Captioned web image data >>

━━━

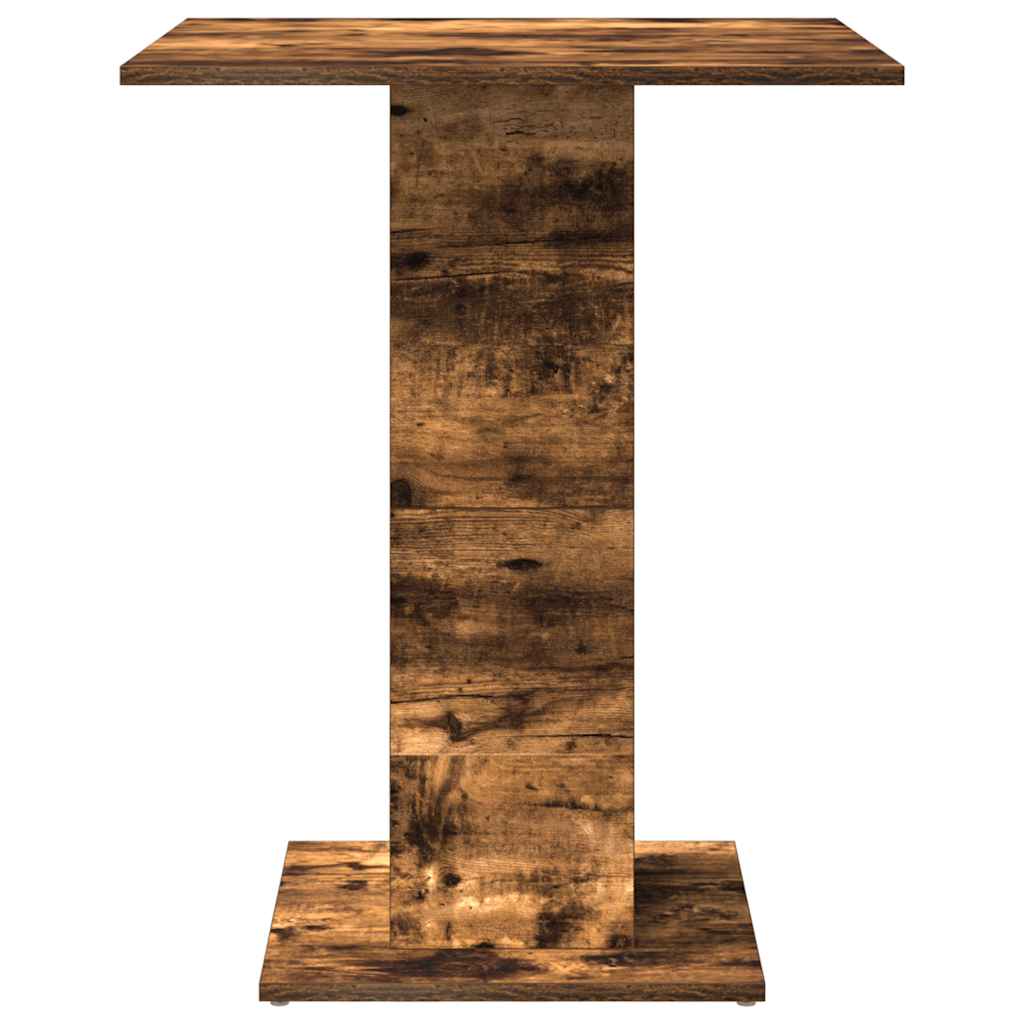 Bistro Table Smoked Oak 60x60x75 cm Engineered Wood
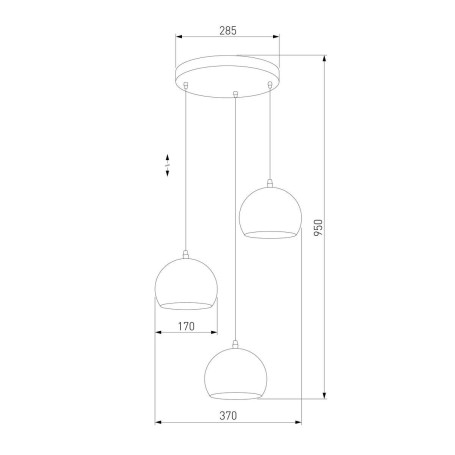 Подвесная люстра TK Lighting 3448 Yoda Gold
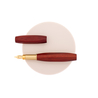 Wancher Wancher Sekai Densho 4 Facets Fountain Pen Sandalwood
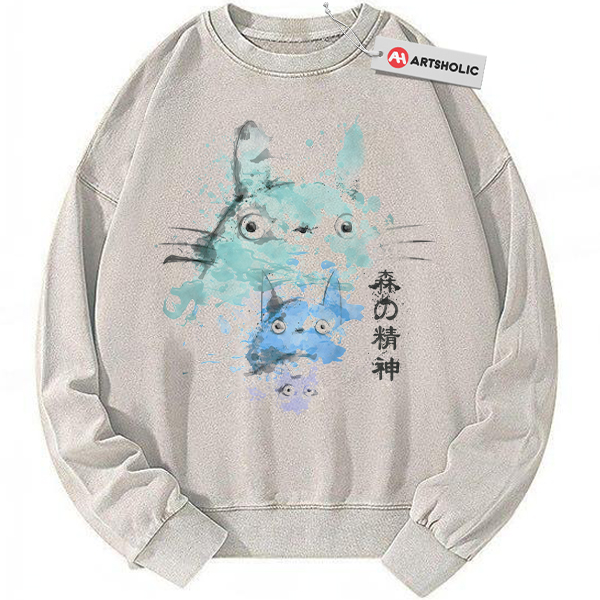 My Neighbor Totoro Sweatshirt, Studio Ghibli Sweatshirt, Anime Sweatshirt, Vintage Sweatshirt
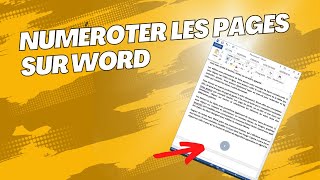 comment numéroter les pages sur Word [upl. by Asiak]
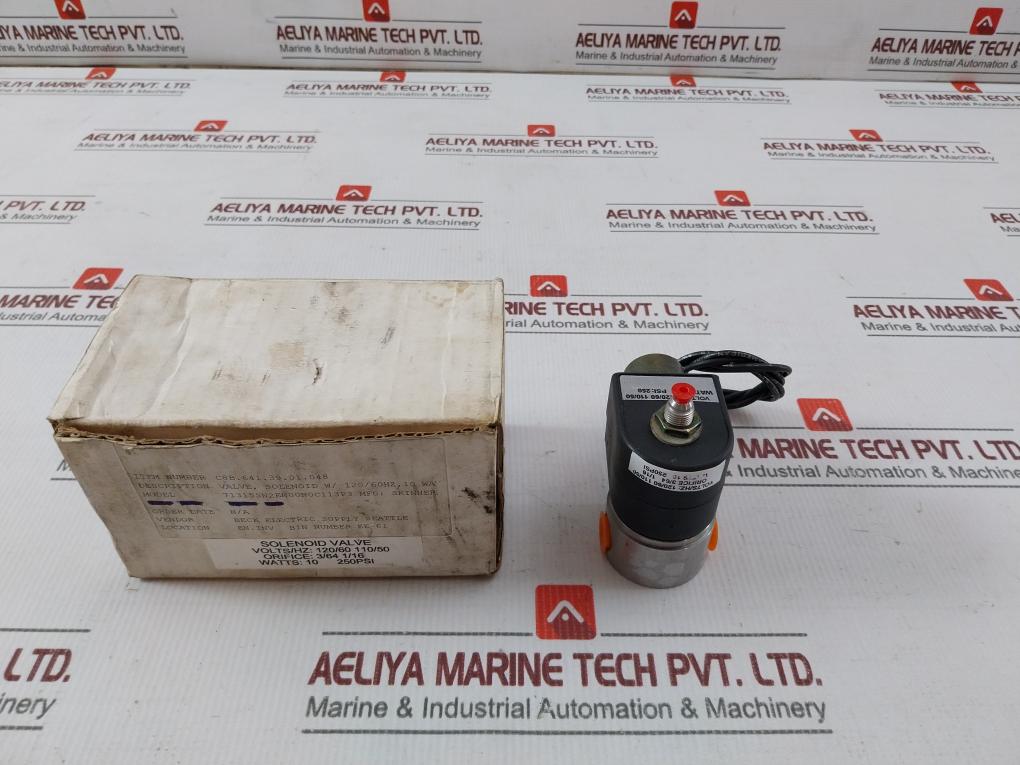 Parker 7C111P3 23 1Shf7 Solenoid Valve 110-120V 50/60Hz 10Watt 250Psi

━━━

Directions >>
In the data above, find the line with "comment numéroter les" and repeat it and every line after it through the end, exactly; leave the pictures out.

Answer for this exercise >>
 comment numéroter les pages sur Word [upl. by Asiak]
 Parker 7C111P3 23 1Shf7 Solenoid Valve 110-120V 50/60Hz 10Watt 250Psi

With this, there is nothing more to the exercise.